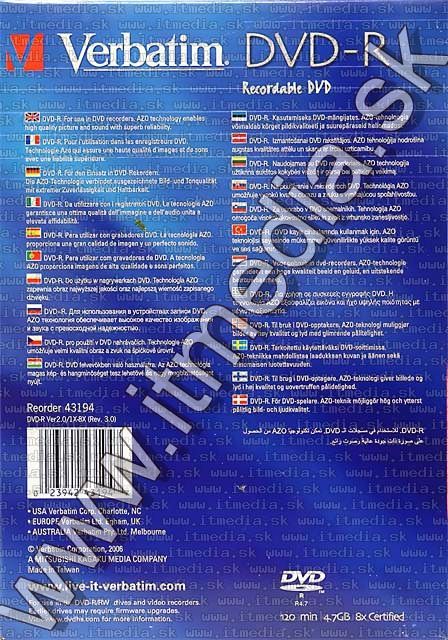 Image of Verbatim DVD-R 8x **DVD BOX** 5-pack (43194) (IT4888)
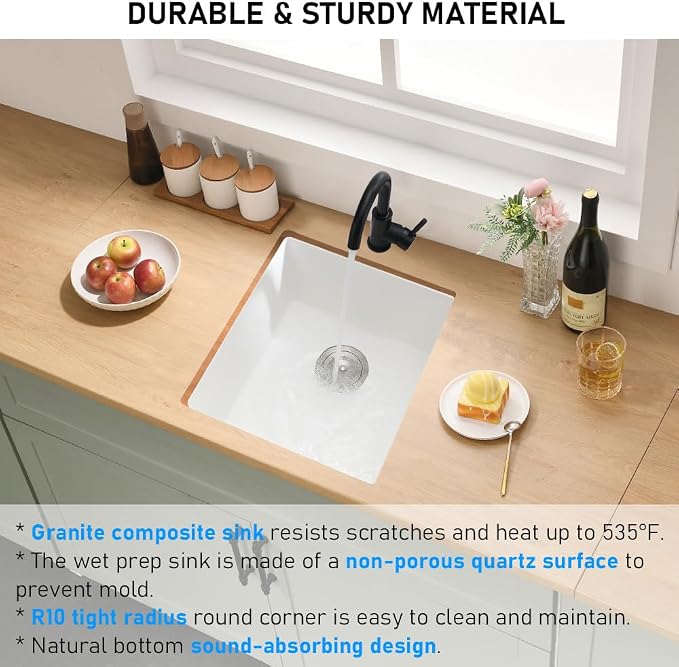 Undermount Bar Sink, 19x19 Inch White Granite Quartz Composite | Small Kitchen Sink Wet Bar Single Bowl Square Deep Basin with Squeegee Brush Combo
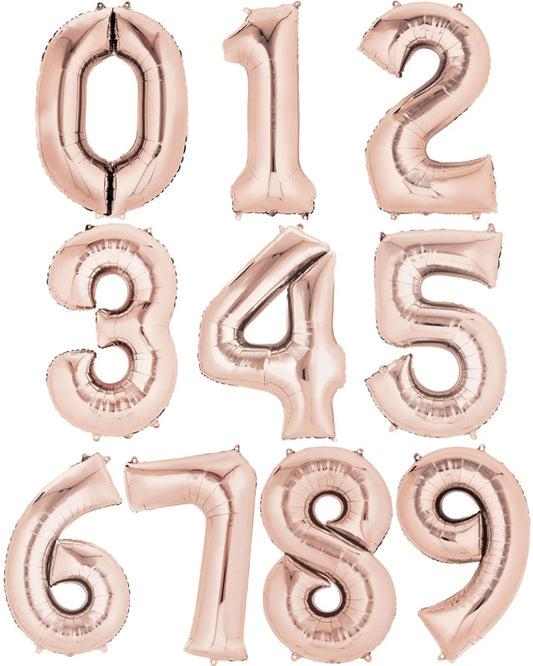 Rose Goid Foil Number Balloons - 16" Air Fill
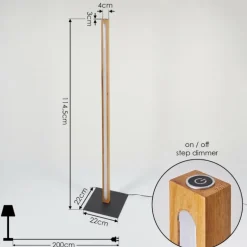Lampadaire Madou LED Écru, Noir, 1 lumière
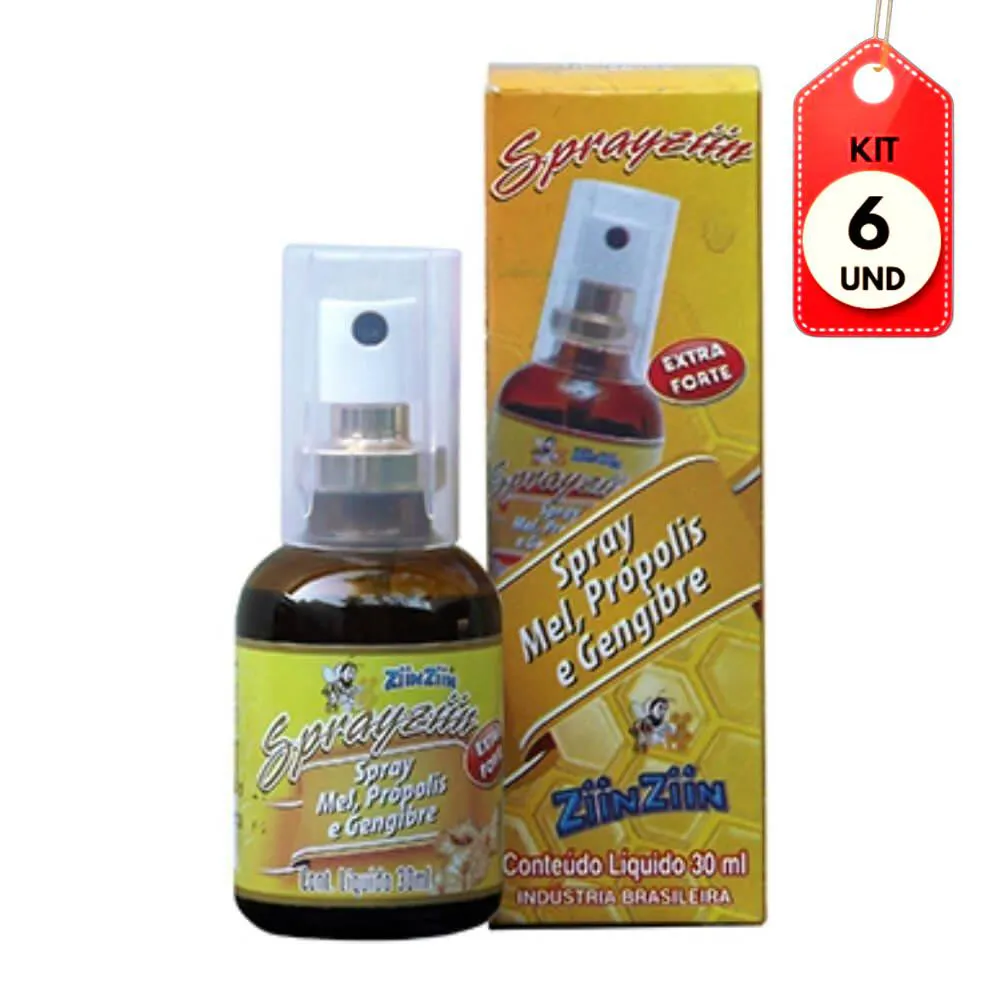 Kit C/06 Ziin Ziin Spray Bucal Gengibre C/ Própolis 30Ml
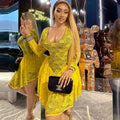European and american cross-border women's fashion:  summer new arrivals - sexy v-neck lace long sleeve high-waisted asymmetrical mini dress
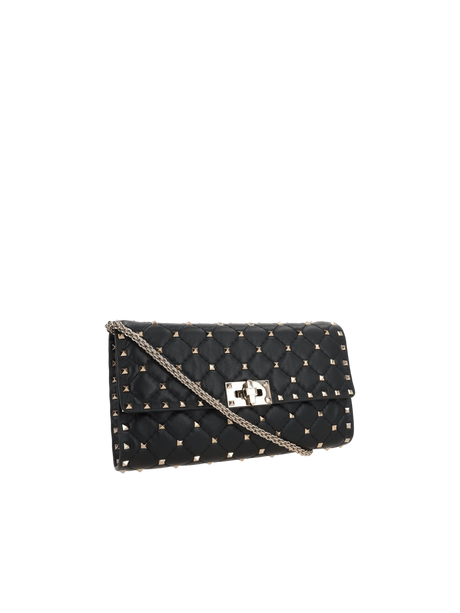 Rockstud Spike Quilted Nappa Chain Clutch-VALENTINO GARAVANI-JOHN JULIA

________________________________________

= Task =
The records above should be returned word for word, with every picture left out.

= Result of the exercise =
 Image of Verbatim DVD-R 8x **DVD BOX** 5-pack (43194) (IT4888)
 Undermount Bar Sink, 19x19 Inch White Granite Quartz Composite | Small Kitchen Sink Wet Bar Single Bowl Square Deep Basin with Squeegee Brush Combo
 Rose Goid Foil Number Balloons - 16" Air Fill
Lampadaire Madou LED Écru, Noir, 1 lumière
 Kit C/06 Ziin Ziin Spray Bucal Gengibre C/ Própolis 30Ml
European and american cross-border women's fashion:  summer new arrivals - sexy v-neck lace long sleeve high-waisted asymmetrical mini dress
 Rockstud Spike Quilted Nappa Chain Clutch-VALENTINO GARAVANI-JOHN JULIA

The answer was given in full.